PER26 Antibody

What is PER26 Antibody and what target does it recognize?

PER26 Antibody is a polyclonal antibody that recognizes Arabidopsis thaliana PER26 protein (UniProt Number: O22862), which is encoded by the AT2G43480 gene . This antibody is derived from rabbit hosts and is reactive against plant species, primarily Arabidopsis thaliana (Mouse-ear cress) . The immunogen used for production is a recombinant form of the PER26 protein .

PER26 belongs to the peroxidase family of proteins, which are involved in various physiological processes in plants, including responses to biotic and abiotic stresses. The antibody is designed to detect this specific peroxidase isoform in experimental systems.

What applications is PER26 Antibody validated for?

PER26 Antibody has been validated for the following applications:

The antibody components typically include:

• 200μg recombinant immunogen protein/peptide (positive control)

• 1ml pre-immune serum

• Rabbit polyclonal antibody purified by Protein A/G

This versatility allows researchers to employ the antibody in both quantitative (ELISA) and qualitative (Western blot) experimental approaches.

How should PER26 Antibody be stored and handled?

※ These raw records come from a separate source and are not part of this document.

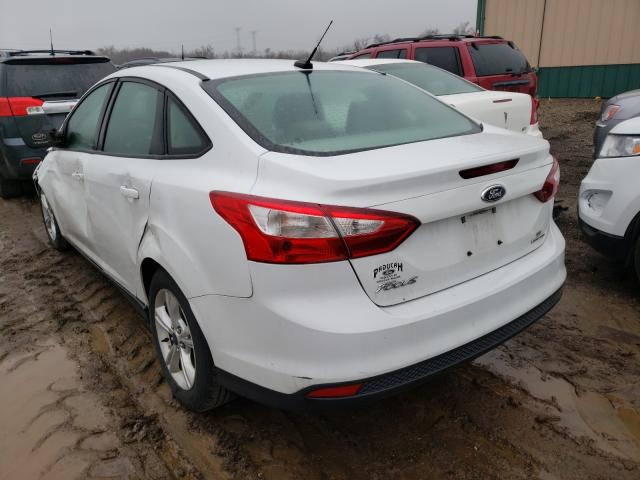 Photo 2 VIN: 1FADP3F21EL416870 - FORD FOCUS SE 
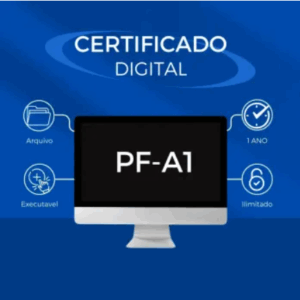 Certificado Digital Pessoa Fisica
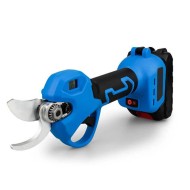 Socoje 30mm Brushless Cordless Electric Pruner Pruning Shears Fruit Tree Bonsai Pruning Branches Cutter Tools For 18V Battery Socoje 30mm Brushless Cordless Electric Pruner Pruning Shears Fruit Tree Bonsai Pruning Branches Cutter Tools For 18V Battery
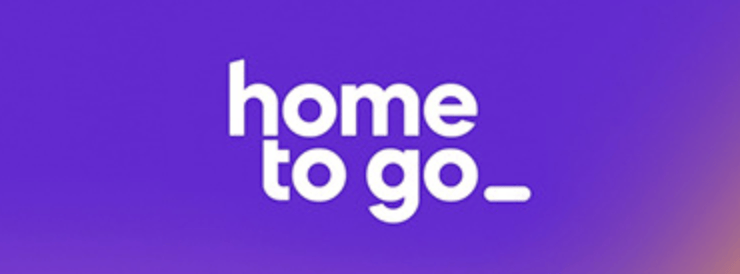 Home To Go logo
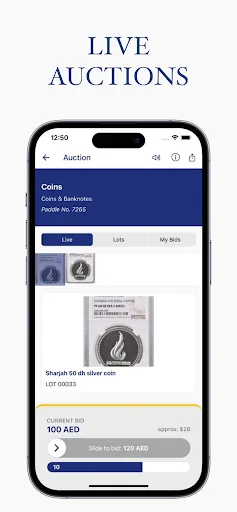 RAuctions - Rabdan Auctions screenshot 3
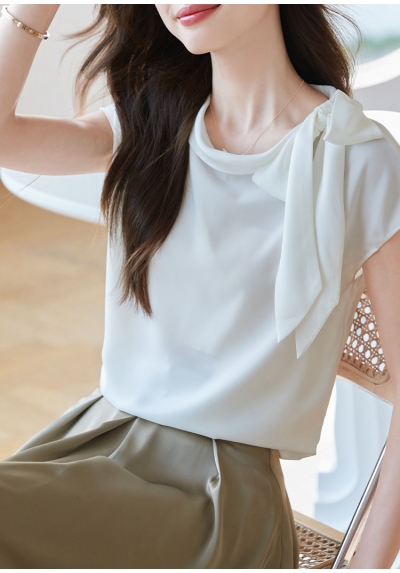 blouse  wanita korea import T8823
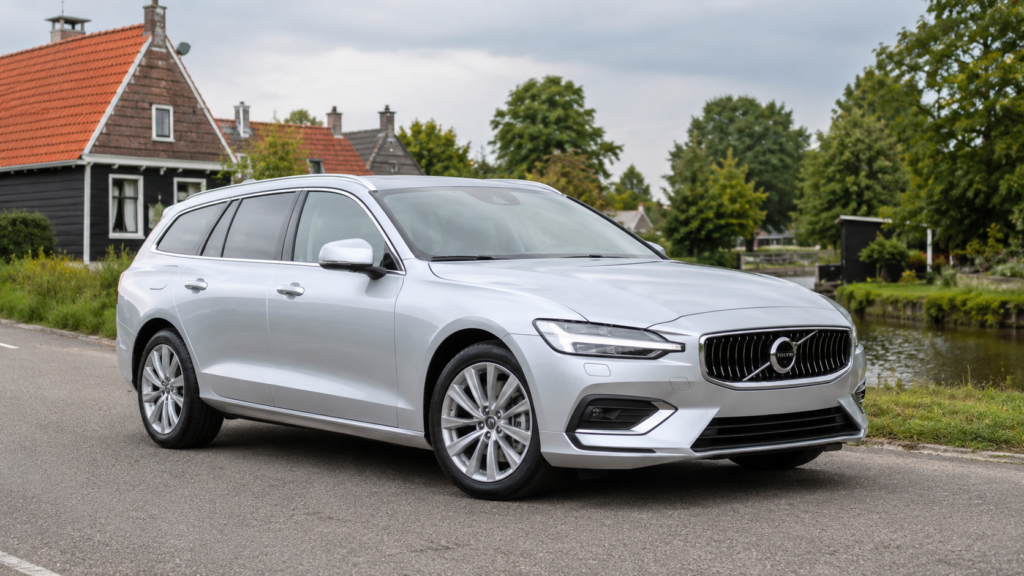 Volvo v60 T8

Proper storage and handling are critical for maintaining antibody performance:

• Storage temperature: -20°C or -80°C for long-term storage

• Shipping condition: Blue ice/cold chain required

• Avoid repeated freeze-thaw cycles (aliquot upon receipt)

• For working solutions, store at 4°C for up to one month

• Protect from exposure to light, particularly important for any conjugated versions

Research indicates that proper storage conditions significantly impact antibody stability and performance in experimental settings . When analyzing inconsistent results, storage conditions should be among the first variables examined.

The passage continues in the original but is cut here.